The Valley Project community worker Charlotte Wilson displays draught stoppers and window film to...
The Valley Project community worker Charlotte Wilson displays draught stoppers and window film to make houses warmer. PHOTO: SHAWN MCAVINUE

A clinic has been launched to get Dunedin homes ready for the battle against the winter chill.

The Valley Project community worker Charlotte Wilson said the free drop-in clinic - Heat-seekers: Healthy Homes in the Valley - was open to Dunedin residents wanting their homes to be warmer, drier and healthier.

"Come one, come all.''

The clinic was held in The Valley Project community rooms at 262 North Rd, Northeast Valley between 10am and noon on Tuesdays.

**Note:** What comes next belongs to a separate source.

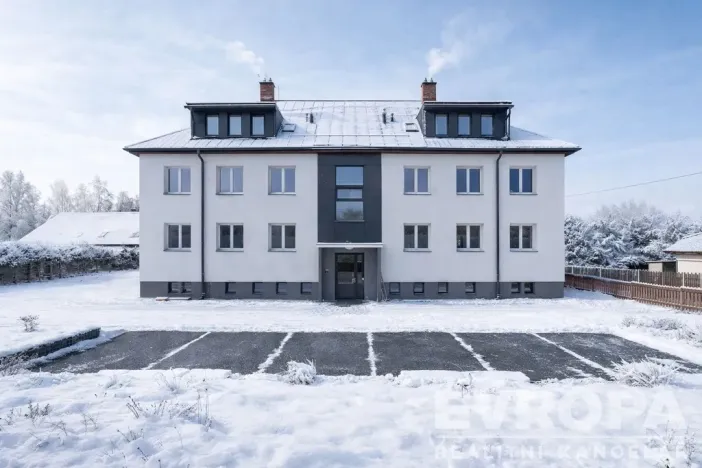 Prodej bytu 3+kk, Dolní Branná, 58 m2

The clinic allows people to talk about issues affecting their homes and for them to be linked to free or low-cost services, ranging from getting a draught stopper, to receiving drapes from the Dunedin Curtain Bank, to government subsidies for insulation.

Legal advice would be on offer to people attending the clinic so if landlords failed to meet their obligations under The Residential Tenancies Act, which requires all rental homes to have ceiling and underfloor insulation installed by July 1, 2019.

"We are trying to be an easy link for people to find as much information as possible without any barriers.''

Four Northeast Valley residents have attended the clinic since it started on April 16.

The issues they faced were cold houses, expensive electricity bills and condensation.

Another hot topic discussed at the clinic was heaters and the information available, which ranges from choosing the right heater to warming up different spaces and the best temperature to set a heat pump.

A heat pump should be set at a temperature of 22degC or colder to be at its most cost-effective, Mrs Wilson said.